Seit Jahren wirbt die Deutsche Börse ­damit, dass es mit dem von ihr heraus­gegebenen Xetra-Gold genauso sei wie mit physischem Gold und man das Papier nach einem Jahr abgeltungsteuerfrei verkaufen könne. Warum werden dann Abgeltungsteuer und Soli abgezogen?
Hosemann: An der Frage, ob es sich bei Xetra-Gold um ein abgeltungsteuerpflichtiges Wertpapier oder physisches Gold handelt, das man nach einem Jahr Spekulationsfrist steuerfrei verkaufen kann, scheiden sich die Geister. Ich denke, dass Xetra-Gold ein Wertpapier ist wie viele andere auch und daher der Abgeltungsteuer unterliegt. Es gibt jedoch ein Urteil des Bundesfinanzhofs (Az. IX R 62/10), in dem die Richter am Rande argumentieren, dass Xetra-Gold dadurch, dass der ­Inhaber des Papiers einen tatsächlichen Lieferanspruch auf Gold hat, wie physisches Gold zu behandeln sei. Es kann sich unter Umständen lohnen, mit Verweis auf dieses Urteil Einspruch einzulegen und/oder selbst eine Klage anzustrengen. Übrigens: Bei sogenannten Goldkonten, bei denen man physisches Gold tatsächlich erwirbt, gilt die einjährige Spekulationsfrist.

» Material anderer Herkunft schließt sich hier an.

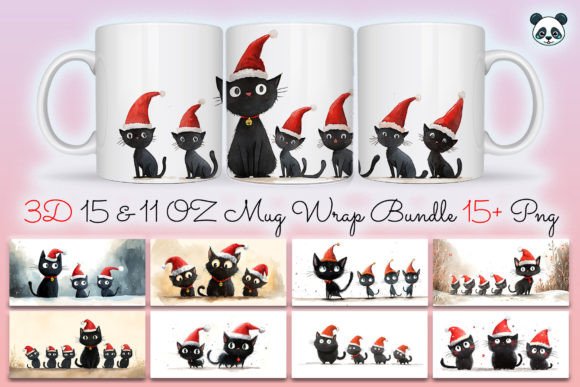 Embrace the Festive Season with the Christmas Black Cat Mug Wrap Bundle
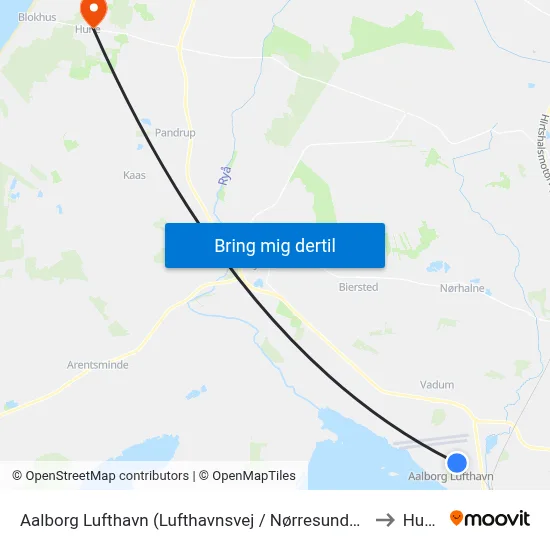 Aalborg Lufthavn (Lufthavnsvej / Nørresundby) to Hune map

Was muss man steuerlich beachten, wenn man einen thesaurierenden, also nicht ausschüttenden Auslandsfonds kauft?
Hosemann: Thesaurierende Fonds, die nicht in Deutschland aufgelegt wurden, bereiten Anlegern schon immer einiges an Arbeit. Denn auch wenn man einen solchen Fonds im Depot bei einer deutschen Depotbank hat, kann die Bank erst dann Abgeltungsteuer abführen, wenn man den Fonds verkauft. Das heißt, der Anleger zahlt in diesem Moment Steuern auf alle Erträge, die bis dahin angelaufen sind. Wenn man aber alle bis dato aufgelaufenen Erträge ordnungsgemäß versteuert hat, kann man diese sogenannte Übermaß­besteuerung rückgängig machen. Dazu muss man bereits im Vorfeld in ­jedem Jahr, in dem man den Fonds gehalten hat, den Thesaurierungsbetrag — die Fondsgesellschaften veröffentlichen diese Summen pro Anteil im Internet (www.bundes­ ­anzeiger.de) — in die Anlage KAP eintragen und nachversteuern. Doch Vorsicht: Auch wenn man einen ausschüttenden Auslandsfonds gekauft hat, kann es sein, dass man beim Verkauf eine Überraschung erlebt. Denn ein Fonds kann, wenn es das Management für nötig erachtet, auch Beträge thesaurieren. Für Fonds, die man vor Einführung der Abgeltungsteuer gekauft hat, gilt übrigens der Bestandsschutz, es fallen also keine Steuern auf die Thesaurierungsbeträge an.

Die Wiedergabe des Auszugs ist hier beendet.